甲子夜話卷之四 8 佐州金山の奇事
4-8 佐州金山の奇事
或人曰。佐渡金堀の穴の水かひ人足に往くは、皆微罪ある者どもなり。其中歸府して今當地に居ものあり。其語しとて聞く。佐渡の金穴、地中に堀下ること凡十四五里程なり。其間縱橫に岐路ありて、其下に一道を通ず。其行くこと數里なるべしと。計るに海底に入ること尤深く、又其奧は、越後の地方の地底に堀及ぶべき里程なりと。
■やぶちゃんの呟き
本文の三箇所の「堀」は佐総てママ。なお、佐渡金山の坑道の総延長は現在、約四百キロメートルに及ぶが、海底下までは掘られていないし、無論、本土まで届いてなどはいない。ただ、この最後の「越後の地方の地底に堀及ぶべき里程なり」というのは延べの採掘総延長距離を指していようだから、佐渡と本土は三十キロメートルほどしか離れていないから、実はおかしくはないと言える。
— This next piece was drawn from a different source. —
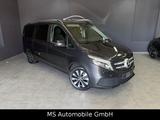 Mercedes-Benz V 250 EDITION extralang Top Ausstattung - gebrauchte Mercedes-Benz V 220 aus dem Jahr 2019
「金堀」底本では編者により『かなほり』とある。しかし標題は明らかに「金山(きんざん)」であろう。後の「金穴」は「かなあな」と読むのか? 私は「きんざん」「きんほり」「きんけつ」の方がしっくりくるのだが。
「水かひ」坑道に湧き出る地下水を掻き出す労役であろう。
「其中」「そのうち」。
「居もの」「をるもの」。
「語し」「かたりし」。
「十四五里」五十五~五十九キロメートル弱。この深さは誇大に過ぎる。現在の調査では約八百メートルである。